I'm reminded of the comment by Cardinal McCarrick, four years ago, about not wanting communion to become a partisan political issue. As though one party and not the other were the party of abortion.

Heh.

 
At 5/12/2008 12:43 PM, Blogger Fr Martin Fox said...

I will leave a more definitive statement on this to a canonist, but my sense is, Archbishop Naumann is basing this sanction on the governor's public statements regarding abortion, not on her vetoes of particular legislation.

Why do I say that?

Because of the principle in Canon Law that where the law imposes a penalty, the law is to be interpreted strictly, in favor of the one on the receiving end of the penalty; and if a Catholic public official could cite a legitimate reason for vetoing a prolife bill, that would have to be accepted.

If you read what the links lead to, it says the Archbishop criticized the governor for the vetoes--that's a far cry from saying, they were the reason for saying she can't come to communion.

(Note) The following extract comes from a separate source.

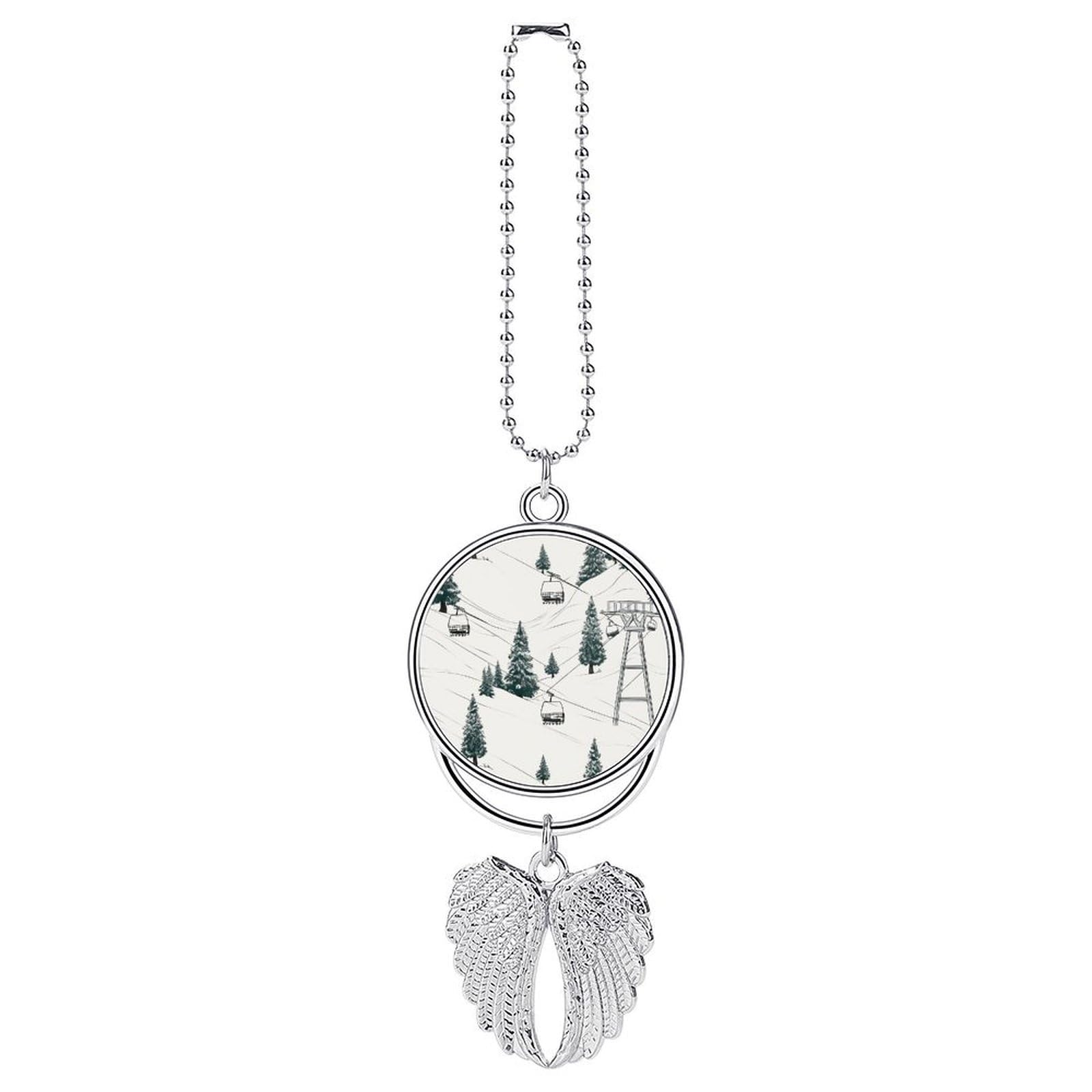 Ski Lift with Fir Tree Car Pendant Hanging Swing Auto Rear View Mirror Hanging Car Rear View Mirror Charm Truck Hanger Ornament Charm for Car Rear View Mirrors Accessories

I realize this may seem an obscure distinction, but it is an important one. Legal mandates that forbid certain actions, and those that mandate specific positive actions, are very different matters. It's vastly easier to craft the former: thou shalt not give positive support to baby killing. But a morally binding mandate that one cannot oppose a specific legislative proposal? That would be hard to sustain under Canon Law.